Given information -
━━━━━━━━
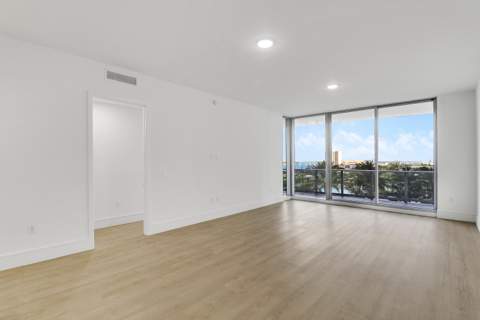220 Lake Shore Drive #815, Lake Park FL - photo 18 of 98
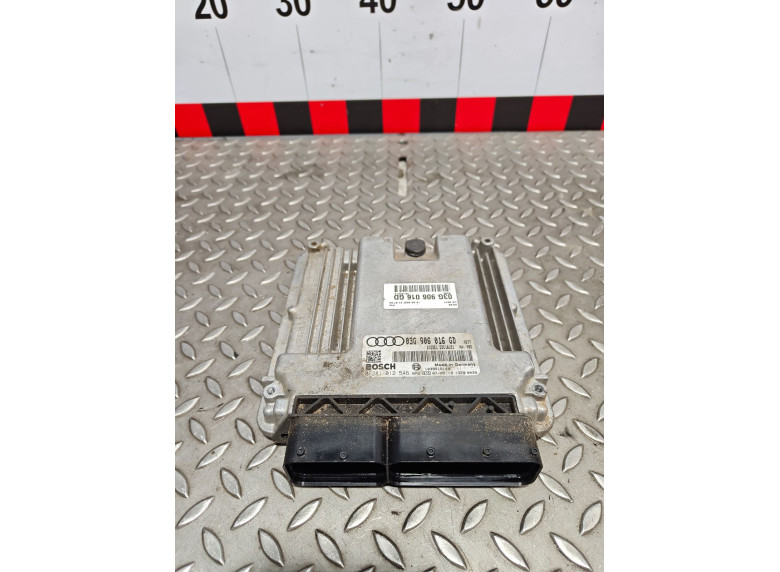 Блок управления двигателем к Audi A4, 2007г.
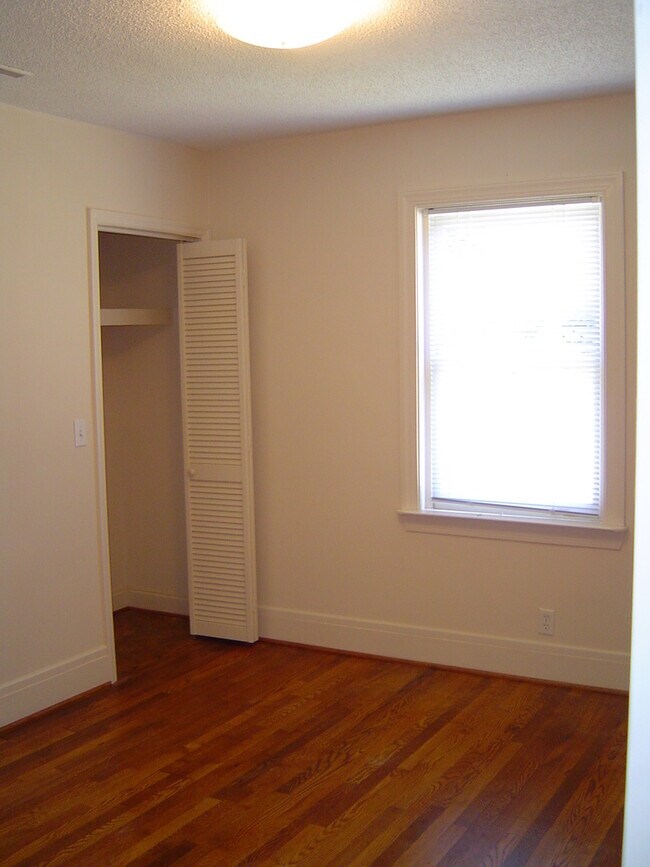 Building Photo - Spacious 3 Bedroom House in Byrnes Down!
━━━━━━━━
About this exercise -
The lines from the one containing "Блок управления двигателем к Audi A4, 2007г." through the last line of the data above are to be transcribed exactly, both included, with all pictures left out.

Answer space -
 Блок управления двигателем к Audi A4, 2007г.
 Building Photo - Spacious 3 Bedroom House in Byrnes Down!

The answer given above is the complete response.